BRIEF ▸ Below are records; copy exactly the line containing "2011 GMC TERRAIN" and every line after it, through the last.

TASK DATA ▸
★ ★ ★ ★ ★

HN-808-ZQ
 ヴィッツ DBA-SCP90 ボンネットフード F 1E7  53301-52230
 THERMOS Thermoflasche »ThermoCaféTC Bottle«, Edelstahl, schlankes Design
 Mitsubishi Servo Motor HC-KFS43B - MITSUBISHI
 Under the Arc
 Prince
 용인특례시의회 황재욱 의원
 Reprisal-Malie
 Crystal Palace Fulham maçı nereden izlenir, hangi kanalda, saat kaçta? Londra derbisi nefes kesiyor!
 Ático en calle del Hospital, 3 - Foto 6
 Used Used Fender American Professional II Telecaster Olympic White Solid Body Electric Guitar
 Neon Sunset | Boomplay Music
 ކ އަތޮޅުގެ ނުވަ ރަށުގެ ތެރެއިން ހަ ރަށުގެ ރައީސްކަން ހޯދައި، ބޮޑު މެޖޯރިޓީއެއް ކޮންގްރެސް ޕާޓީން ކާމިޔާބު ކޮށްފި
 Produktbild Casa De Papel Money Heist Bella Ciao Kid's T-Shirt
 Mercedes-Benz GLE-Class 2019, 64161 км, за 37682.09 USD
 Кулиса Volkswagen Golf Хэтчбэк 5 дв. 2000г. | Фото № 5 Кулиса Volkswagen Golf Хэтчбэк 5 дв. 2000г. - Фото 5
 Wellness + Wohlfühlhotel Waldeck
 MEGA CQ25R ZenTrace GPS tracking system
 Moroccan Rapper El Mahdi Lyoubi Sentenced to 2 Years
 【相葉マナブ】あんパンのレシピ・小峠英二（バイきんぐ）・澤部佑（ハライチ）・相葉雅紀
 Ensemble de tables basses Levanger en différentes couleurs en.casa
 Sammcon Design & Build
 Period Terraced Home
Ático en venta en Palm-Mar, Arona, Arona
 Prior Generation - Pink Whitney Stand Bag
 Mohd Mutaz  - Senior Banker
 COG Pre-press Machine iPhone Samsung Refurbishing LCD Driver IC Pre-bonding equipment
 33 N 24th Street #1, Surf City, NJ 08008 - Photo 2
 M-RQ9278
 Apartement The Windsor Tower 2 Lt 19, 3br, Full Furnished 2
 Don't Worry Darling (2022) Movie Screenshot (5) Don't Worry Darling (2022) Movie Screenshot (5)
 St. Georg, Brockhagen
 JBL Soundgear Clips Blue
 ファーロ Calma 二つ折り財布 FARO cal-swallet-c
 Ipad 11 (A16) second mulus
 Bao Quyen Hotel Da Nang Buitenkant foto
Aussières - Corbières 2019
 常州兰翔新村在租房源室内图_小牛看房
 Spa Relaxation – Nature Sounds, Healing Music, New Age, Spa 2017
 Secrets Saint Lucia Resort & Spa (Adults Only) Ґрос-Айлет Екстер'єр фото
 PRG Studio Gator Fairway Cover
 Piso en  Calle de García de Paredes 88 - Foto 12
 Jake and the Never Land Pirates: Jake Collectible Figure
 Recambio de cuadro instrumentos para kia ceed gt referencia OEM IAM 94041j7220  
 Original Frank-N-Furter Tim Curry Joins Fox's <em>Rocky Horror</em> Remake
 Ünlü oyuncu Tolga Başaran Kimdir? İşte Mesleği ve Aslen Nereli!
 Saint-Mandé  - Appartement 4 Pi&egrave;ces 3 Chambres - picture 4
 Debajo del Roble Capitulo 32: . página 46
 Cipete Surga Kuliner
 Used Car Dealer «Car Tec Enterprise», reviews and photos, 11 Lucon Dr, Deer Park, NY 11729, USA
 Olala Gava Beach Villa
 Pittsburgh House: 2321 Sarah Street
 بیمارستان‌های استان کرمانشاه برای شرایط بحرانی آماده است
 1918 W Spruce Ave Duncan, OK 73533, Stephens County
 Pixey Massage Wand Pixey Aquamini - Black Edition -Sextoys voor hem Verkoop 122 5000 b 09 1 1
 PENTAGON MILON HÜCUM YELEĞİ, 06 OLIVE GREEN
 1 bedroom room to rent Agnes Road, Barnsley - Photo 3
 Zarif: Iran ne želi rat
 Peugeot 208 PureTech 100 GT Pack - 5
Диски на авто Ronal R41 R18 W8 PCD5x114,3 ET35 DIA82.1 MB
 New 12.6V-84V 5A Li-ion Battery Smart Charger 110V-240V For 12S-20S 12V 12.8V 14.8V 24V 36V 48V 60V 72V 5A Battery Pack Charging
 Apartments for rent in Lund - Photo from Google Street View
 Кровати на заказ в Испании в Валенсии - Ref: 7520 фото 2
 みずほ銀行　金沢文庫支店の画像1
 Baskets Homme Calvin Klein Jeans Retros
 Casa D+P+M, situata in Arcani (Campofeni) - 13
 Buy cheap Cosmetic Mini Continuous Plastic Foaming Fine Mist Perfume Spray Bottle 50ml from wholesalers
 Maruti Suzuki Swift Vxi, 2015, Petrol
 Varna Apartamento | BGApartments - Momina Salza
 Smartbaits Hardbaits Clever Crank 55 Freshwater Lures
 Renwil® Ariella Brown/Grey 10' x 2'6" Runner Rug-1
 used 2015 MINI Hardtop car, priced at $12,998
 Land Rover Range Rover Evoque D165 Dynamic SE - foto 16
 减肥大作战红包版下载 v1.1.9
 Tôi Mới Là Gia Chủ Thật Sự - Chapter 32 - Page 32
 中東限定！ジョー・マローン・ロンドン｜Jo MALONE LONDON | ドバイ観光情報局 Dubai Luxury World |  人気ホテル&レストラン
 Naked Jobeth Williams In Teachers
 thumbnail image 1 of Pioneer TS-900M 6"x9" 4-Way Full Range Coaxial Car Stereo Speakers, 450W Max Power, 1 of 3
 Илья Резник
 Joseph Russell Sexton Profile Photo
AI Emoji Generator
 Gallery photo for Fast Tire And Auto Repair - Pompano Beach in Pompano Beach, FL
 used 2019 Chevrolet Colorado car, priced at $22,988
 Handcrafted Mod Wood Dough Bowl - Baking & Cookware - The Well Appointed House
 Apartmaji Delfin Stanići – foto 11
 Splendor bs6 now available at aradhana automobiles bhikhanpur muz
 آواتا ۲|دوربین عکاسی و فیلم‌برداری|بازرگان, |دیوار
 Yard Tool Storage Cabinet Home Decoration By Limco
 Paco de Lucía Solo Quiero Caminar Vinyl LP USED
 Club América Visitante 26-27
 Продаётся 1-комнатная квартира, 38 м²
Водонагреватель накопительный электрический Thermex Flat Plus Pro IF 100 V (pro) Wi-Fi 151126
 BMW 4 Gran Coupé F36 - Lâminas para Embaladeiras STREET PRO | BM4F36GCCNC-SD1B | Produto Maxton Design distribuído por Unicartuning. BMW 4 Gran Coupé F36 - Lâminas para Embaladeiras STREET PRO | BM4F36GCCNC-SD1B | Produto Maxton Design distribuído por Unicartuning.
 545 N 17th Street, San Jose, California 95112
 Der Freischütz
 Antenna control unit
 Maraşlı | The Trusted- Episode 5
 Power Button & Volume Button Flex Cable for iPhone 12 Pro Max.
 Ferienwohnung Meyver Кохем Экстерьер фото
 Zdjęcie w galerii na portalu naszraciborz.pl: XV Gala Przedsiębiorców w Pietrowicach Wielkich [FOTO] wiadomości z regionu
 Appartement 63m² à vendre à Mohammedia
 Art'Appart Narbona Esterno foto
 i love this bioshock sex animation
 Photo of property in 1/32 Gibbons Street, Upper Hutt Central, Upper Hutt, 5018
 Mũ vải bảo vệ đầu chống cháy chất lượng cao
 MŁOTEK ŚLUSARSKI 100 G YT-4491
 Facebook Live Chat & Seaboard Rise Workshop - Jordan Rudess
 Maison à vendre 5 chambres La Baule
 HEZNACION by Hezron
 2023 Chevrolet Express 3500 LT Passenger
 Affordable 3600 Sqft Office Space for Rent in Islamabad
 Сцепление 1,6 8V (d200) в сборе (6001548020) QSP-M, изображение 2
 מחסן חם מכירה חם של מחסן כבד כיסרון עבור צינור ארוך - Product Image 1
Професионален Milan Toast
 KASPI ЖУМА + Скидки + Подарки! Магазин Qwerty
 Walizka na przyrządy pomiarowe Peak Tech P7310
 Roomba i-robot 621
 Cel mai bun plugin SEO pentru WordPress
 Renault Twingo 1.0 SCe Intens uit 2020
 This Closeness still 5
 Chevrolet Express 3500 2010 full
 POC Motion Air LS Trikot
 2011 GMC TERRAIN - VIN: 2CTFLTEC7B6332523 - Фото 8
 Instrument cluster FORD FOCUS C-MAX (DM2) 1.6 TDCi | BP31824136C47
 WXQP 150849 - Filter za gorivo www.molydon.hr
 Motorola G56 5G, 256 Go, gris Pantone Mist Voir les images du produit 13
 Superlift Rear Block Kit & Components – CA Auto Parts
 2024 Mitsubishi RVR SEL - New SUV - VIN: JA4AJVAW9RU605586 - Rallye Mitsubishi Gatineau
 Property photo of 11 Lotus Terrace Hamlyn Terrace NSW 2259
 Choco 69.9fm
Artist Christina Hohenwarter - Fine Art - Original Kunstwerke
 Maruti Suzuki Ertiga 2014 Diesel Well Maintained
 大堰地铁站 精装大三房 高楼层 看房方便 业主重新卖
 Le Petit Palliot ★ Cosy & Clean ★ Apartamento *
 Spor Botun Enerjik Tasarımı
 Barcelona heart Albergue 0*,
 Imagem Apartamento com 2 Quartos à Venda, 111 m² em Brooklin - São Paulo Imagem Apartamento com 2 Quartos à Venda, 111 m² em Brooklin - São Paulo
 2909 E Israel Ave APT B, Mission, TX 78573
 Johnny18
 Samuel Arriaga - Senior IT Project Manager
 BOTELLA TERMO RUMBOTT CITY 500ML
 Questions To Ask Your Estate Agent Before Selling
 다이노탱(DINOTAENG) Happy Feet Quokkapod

★ ★ ★ ★ ★

SOLUTION FOR THIS TASK ▸
 2011 GMC TERRAIN - VIN: 2CTFLTEC7B6332523 - Фото 8
 Instrument cluster FORD FOCUS C-MAX (DM2) 1.6 TDCi | BP31824136C47
 WXQP 150849 - Filter za gorivo www.molydon.hr
 Motorola G56 5G, 256 Go, gris Pantone Mist Voir les images du produit 13
 Superlift Rear Block Kit & Components – CA Auto Parts
 2024 Mitsubishi RVR SEL - New SUV - VIN: JA4AJVAW9RU605586 - Rallye Mitsubishi Gatineau
 Property photo of 11 Lotus Terrace Hamlyn Terrace NSW 2259
 Choco 69.9fm
Artist Christina Hohenwarter - Fine Art - Original Kunstwerke
 Maruti Suzuki Ertiga 2014 Diesel Well Maintained
 大堰地铁站 精装大三房 高楼层 看房方便 业主重新卖
 Le Petit Palliot ★ Cosy & Clean ★ Apartamento *
 Spor Botun Enerjik Tasarımı
 Barcelona heart Albergue 0*,
 Imagem Apartamento com 2 Quartos à Venda, 111 m² em Brooklin - São Paulo Imagem Apartamento com 2 Quartos à Venda, 111 m² em Brooklin - São Paulo
 2909 E Israel Ave APT B, Mission, TX 78573
 Johnny18
 Samuel Arriaga - Senior IT Project Manager
 BOTELLA TERMO RUMBOTT CITY 500ML
 Questions To Ask Your Estate Agent Before Selling
 다이노탱(DINOTAENG) Happy Feet Quokkapod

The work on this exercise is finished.